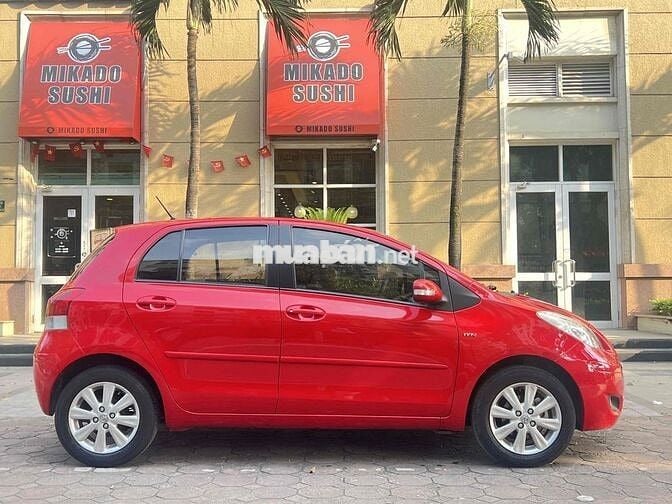 Toyota Yaris 1.5G 2013 màu đỏ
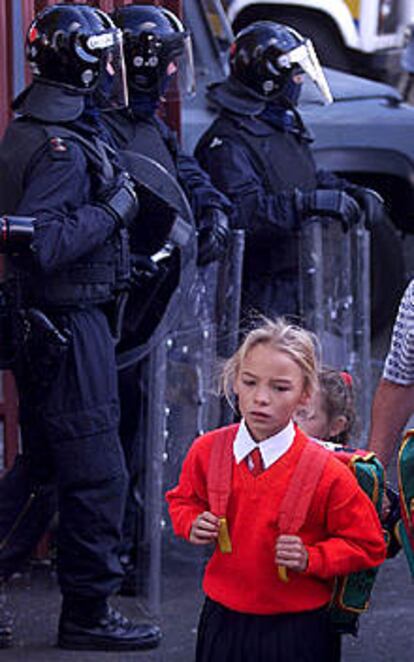 Los niños católicos tuvieron que ir al colegio escoltados por la policía.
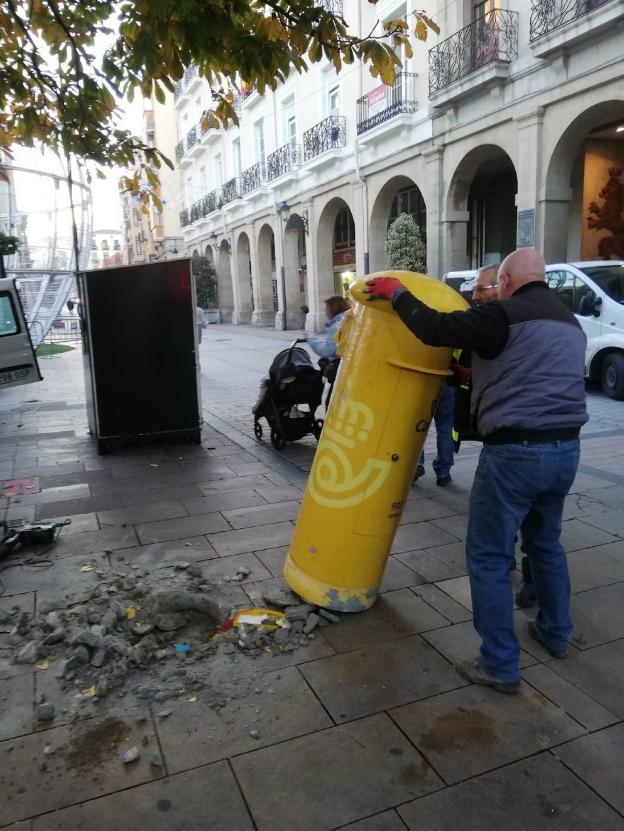 Correos estudiará una nueva ubicación para el buzón.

• [Task details]:
Everything in the material above should be reproduced exactly, except the pictures.

• [Result]:
 Toyota Yaris 1.5G 2013 màu đỏ
 Los niños católicos tuvieron que ir al colegio escoltados por la policía.
 Correos estudiará una nueva ubicación para el buzón.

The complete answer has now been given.